NAVSEA is now taking those standards and specifications and determining how to apply them to ships and ship-based systems. Fuller said his NAVSEA engineering directorate (SEA 05) spent most of Fiscal Year 2015 surveying the cyber developments at the Navy warfare centers, in academia and at national labs to understand what cyber tools are available. Now, SEA 05 and the Navy must decide, “what is it that we really need? We focused real hard on going and looking at what kind of tools and stuff do we have out there for situational awareness, intrusion protection systems, intrusion detection systems, anomalous behavior, tools to recognize anomalous behaviors, resiliency, concepts of operations, operating systems,” but no decisions have been made yet on what the ideal cybersecurity tool actually looks like.
Fuller does know some qualities he wants to see in the eventual cybersecurity tool. It should be common between the warfare systems and the machinery control systems, he said. The tool will have to not only monitor the boundaries of each Navy control system, but also monitor inside the system for anomalous behaviors. The tool should also be scalable to give each system the amount of protection it needs, and it should be software-based and upgradeable to keep pace with the threat environment.
Human behavior will also have to be adjusted to help the cybersecurity system. Hull, mechanical and electric (HM&E) systems do not have to be connected to the network at all times, and should only be connected when the crew needs to send data off the ship, Fuller said – though even a part-time connection to a network means the systems will need robust cyber monitoring.
Ideally, he said, “if we can get the 80-percent solution, get it scalable and upgradeable, then we can put it out there, work on the human behaviors, we’ll be way way better off – and then get disconnected where we don’t need to be – we’ll be better off than we are right now. And then as we learn more, better tools come out, threats evolve, then we’ll just upgrade.”
To help get to that ideal, SEA 05 is taking the TAB’s standards and specifications and turning them into a functional requirements document for ship-based systems specifically. Fuller said he expects that document to be complete by the end of the year, and an objective architecture will then be developed based on the FRD. Those documents will guide the cybersecurity architecture of future ships, including the Arleigh Burke-class guided missile destroyer Flight III upgrade, the LHA-8 amphibious assault ship, the LX(R) dock landing ship replacement and more. And a series of ship change documents (SCDs) will go out to describe how to backfit existing ships to include cybersecurity tools.
Several other lines of effort are taking place as well, Fuller said. Two years ago CYBERCOM put out a Cyber Best Practices Manual that Fuller thought focused on information systems, so SEA 05 in July released an appendix to the manual to include best practices for control systems.
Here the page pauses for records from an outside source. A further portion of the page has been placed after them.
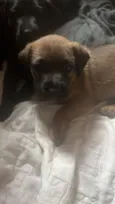 Amora, Lua, Bela 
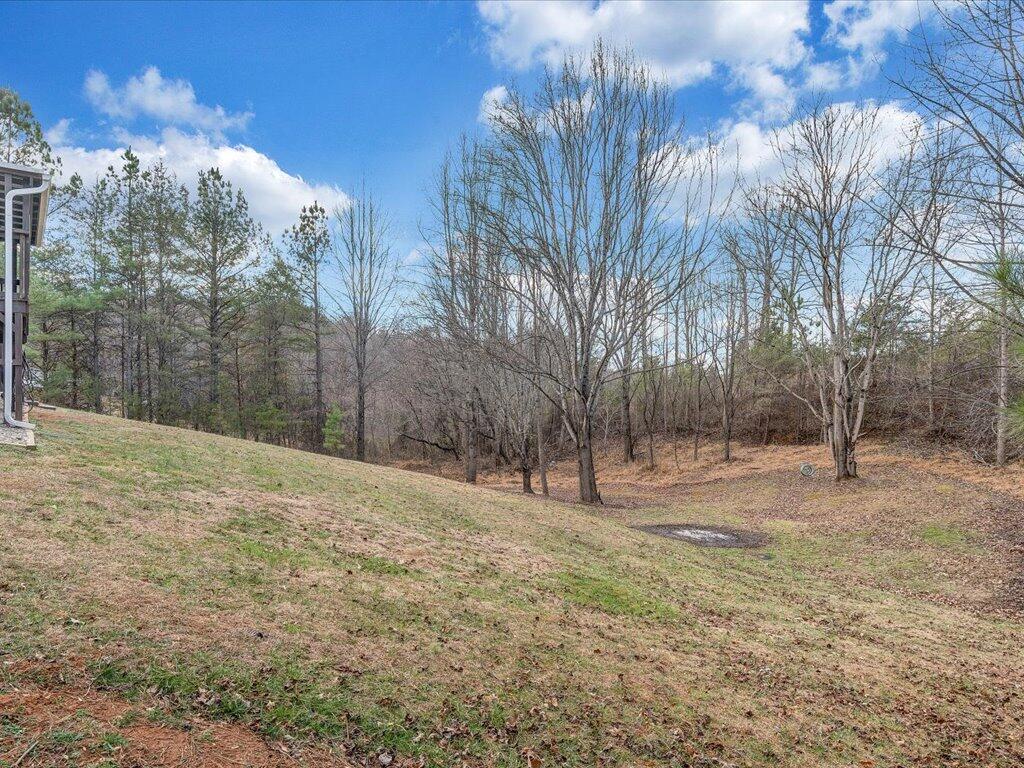 3559 County Line Road Patrick Springs, VA 24133 - Photo 31 of 44 31-MIB08834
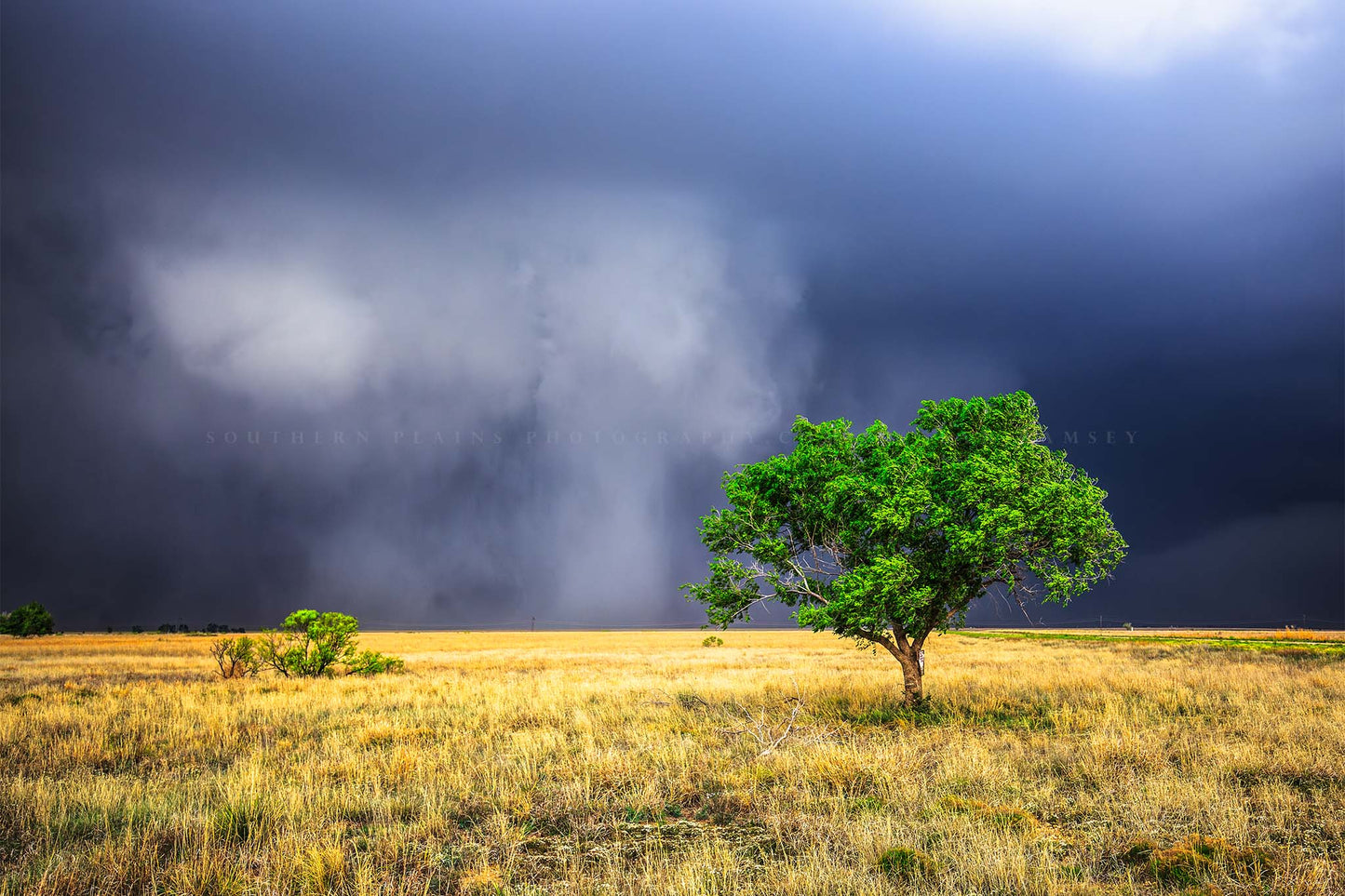 Storm photography print of hauntingly beautiful storm clouds revealing themselves from rain as a lone tree stands tall on the plains of the Texas Panhandle by Sean Ramsey of Southern Plains Photography.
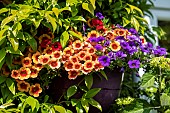 Hybrid Petunia in bloom in a hanging tree, spring, Pas de Calais, France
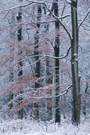 Buchen im Winter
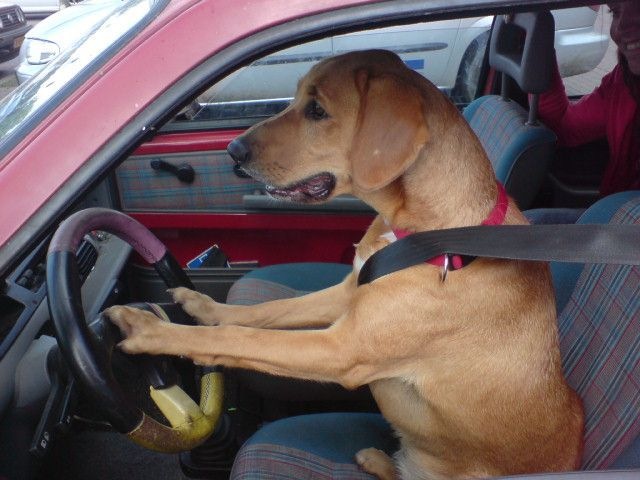 [dog_driving[2].jpg]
Fuller’s team has visited a destroyer in the fleet to watch how sailors actually operate control systems, and plans to visit two more ships in the coming weeks. Those observations will inform future updates to the manual’s appendix.
Also affecting the operational fleet is a more robust pre-deployment cyber certification. Previously the Navy only certified that warfare systems were hardened against cyber threats, but machinery control systems will now be added to the certification as well, creating a “more holistic certification” before heading overseas, Fuller said.